- _Exercise data_
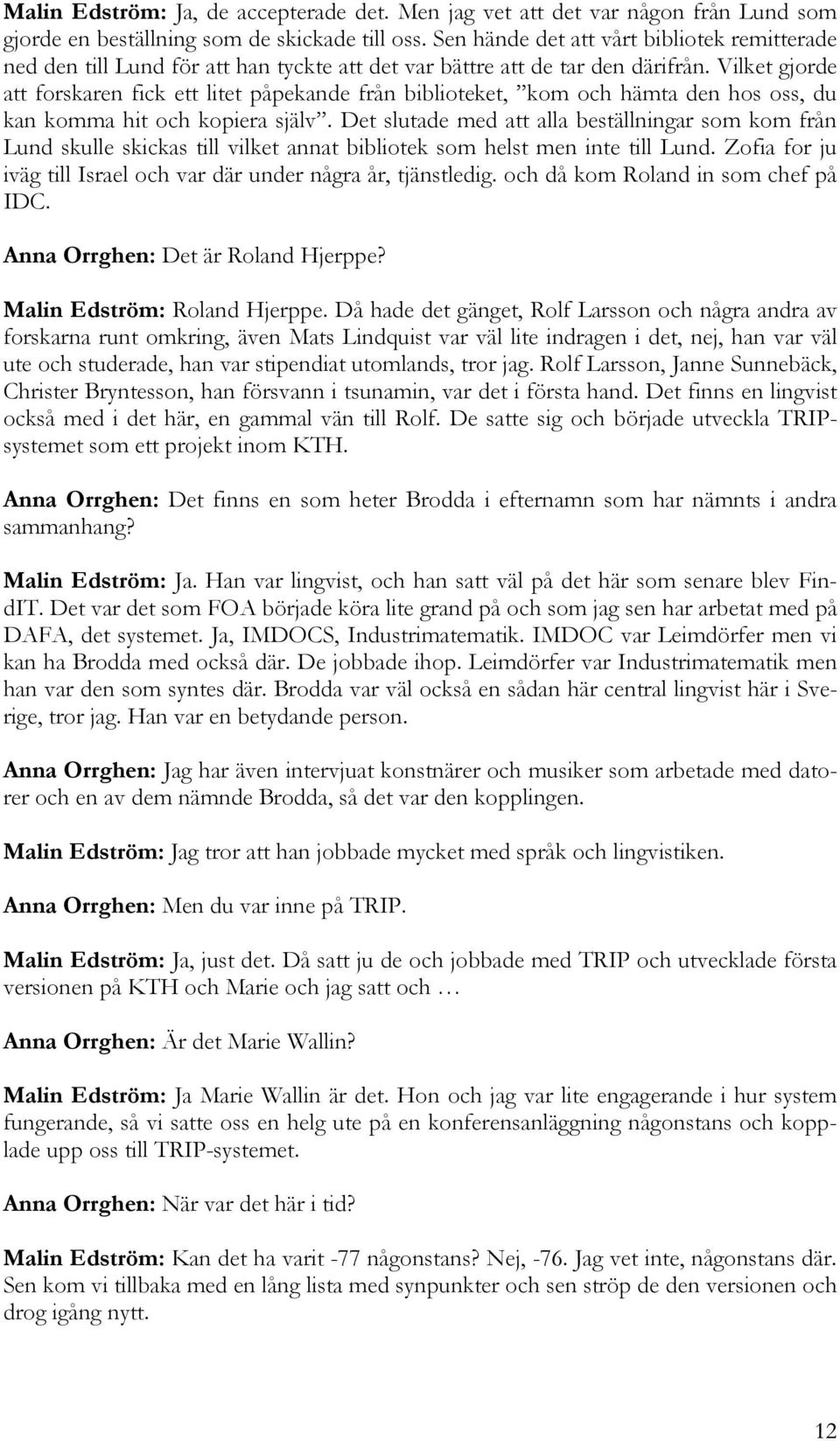 Vilket gjorde att forskaren fick ett litet påpekande från biblioteket, kom och hämta den hos oss, du kan komma hit och kopiera själv.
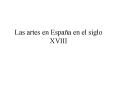 Las artes en Espaa en el siglo XVIII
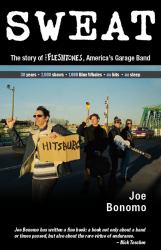 Sweat : The Story of the Fleshtones, America's Garage Band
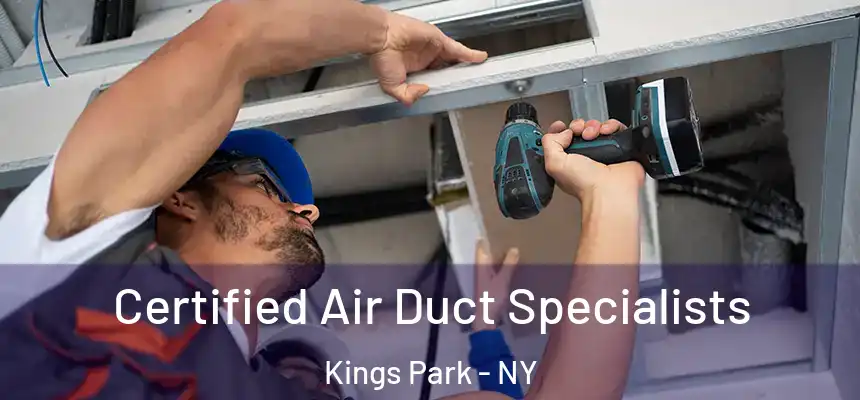 Certified Air Duct Specialists Kings Park - NY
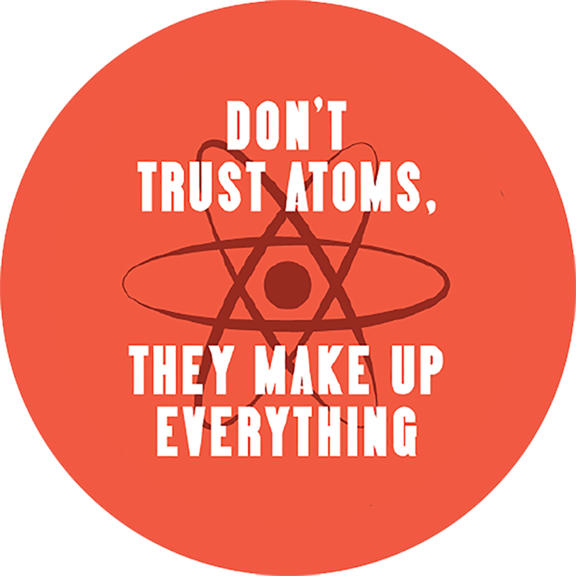Don't Trust Atoms Button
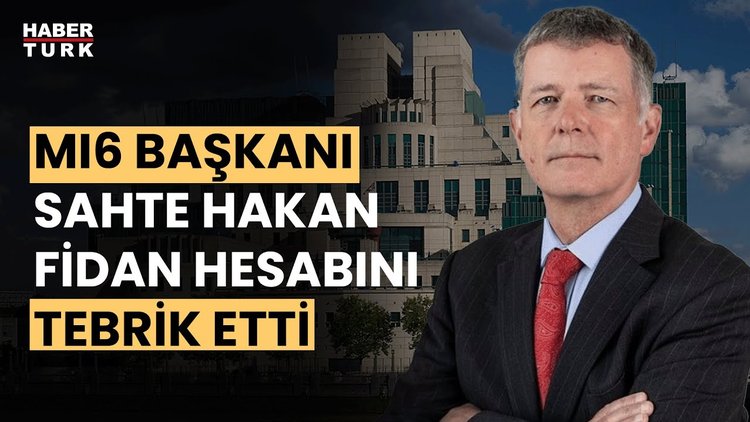 MI6 Başkanı'ndan, sahte hesaba tebrik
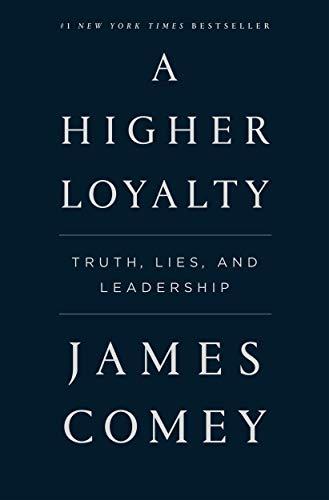 A Higher Loyalty: Truth, Lies, and Leadership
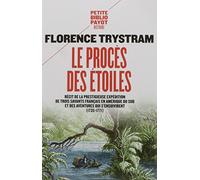 Le procès des étoiles: Récit de la prestigieuse expédition de trois savants français en Amérique du Sud et des aventures qui s'ensuivirent (1735-1771)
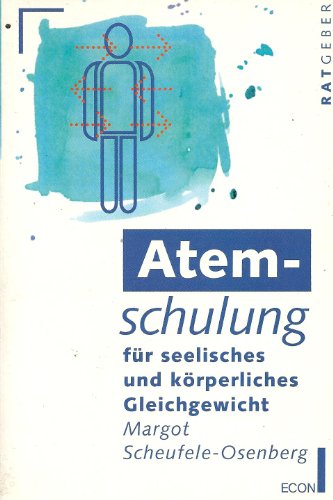 Atemschulung für seelisches und körperliches Gleichgewicht.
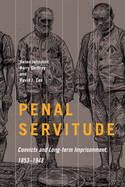 Penal Servitude: Convicts and Long-Term Imprisonment, 1853-1948 Volume 5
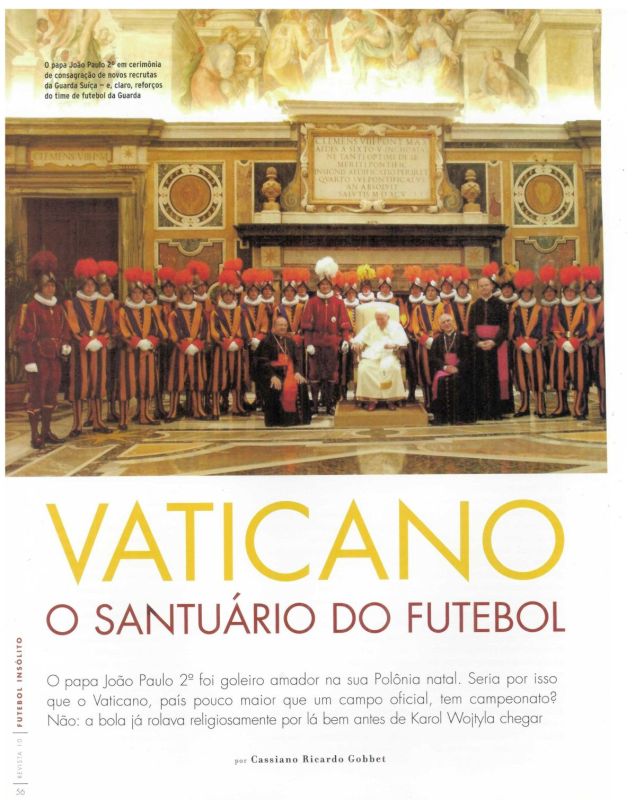 You are currently viewing Vaticano. O santuário do futebol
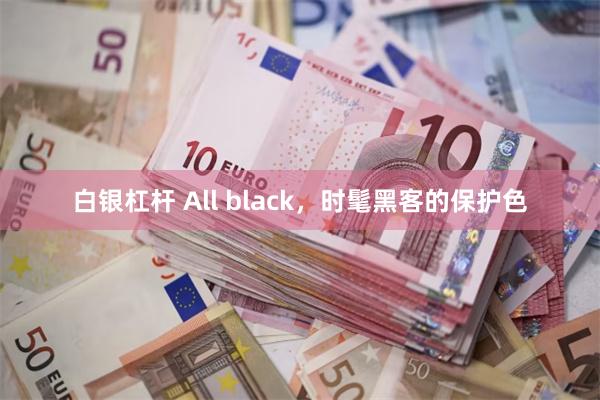 白银杠杆 All black，时髦黑客的保护色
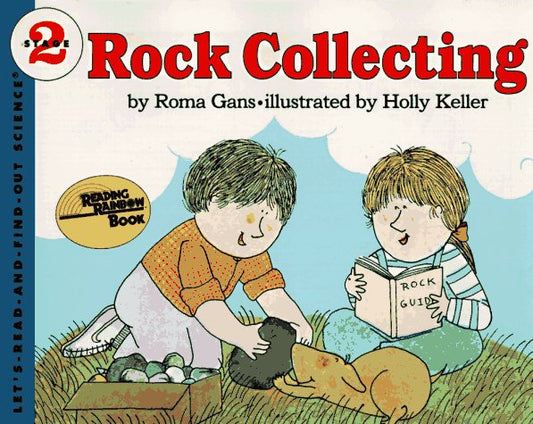 Rock Collecting LetsReadandFindOut Book [Paperback] Roma Gans and Holly Keller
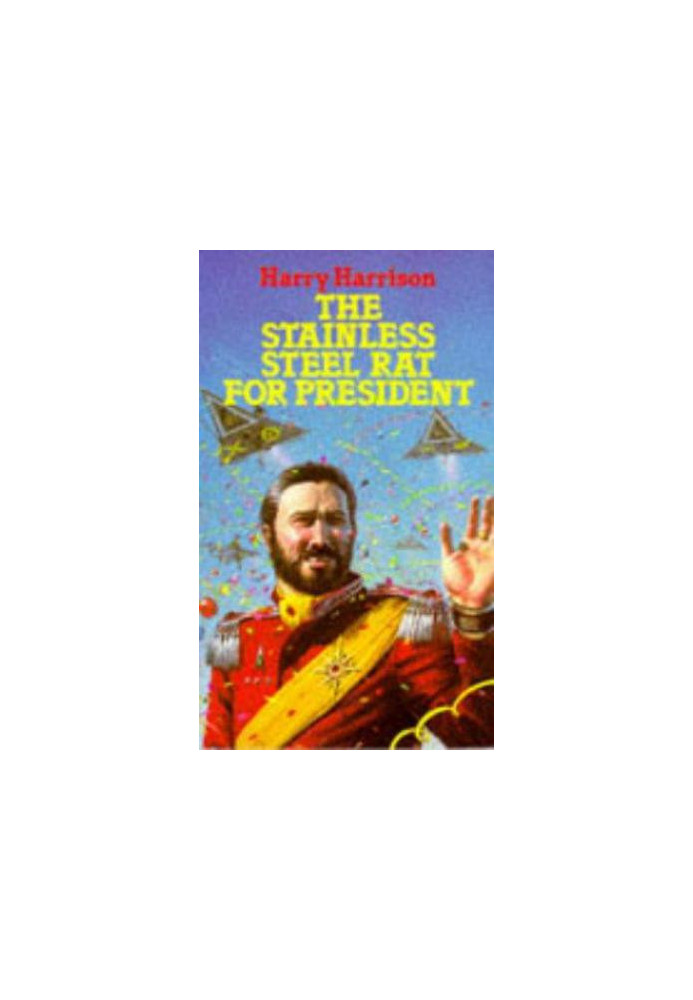 The Stainless Steel Rat For President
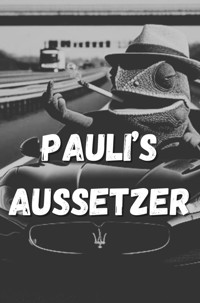 Pauli´ s Aussetzer - Paul G. - E-Book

- _Instructions for the task_
Up to and including the line with "Sweat : The", repeat every line from the top of the entries exactly, but not the pictures.

- _Response for this exercise_
 Vilket gjorde att forskaren fick ett litet påpekande från biblioteket, kom och hämta den hos oss, du kan komma hit och kopiera själv.
 Las artes en Espaa en el siglo XVIII
 Sweat : The Story of the Fleshtones, America's Garage Band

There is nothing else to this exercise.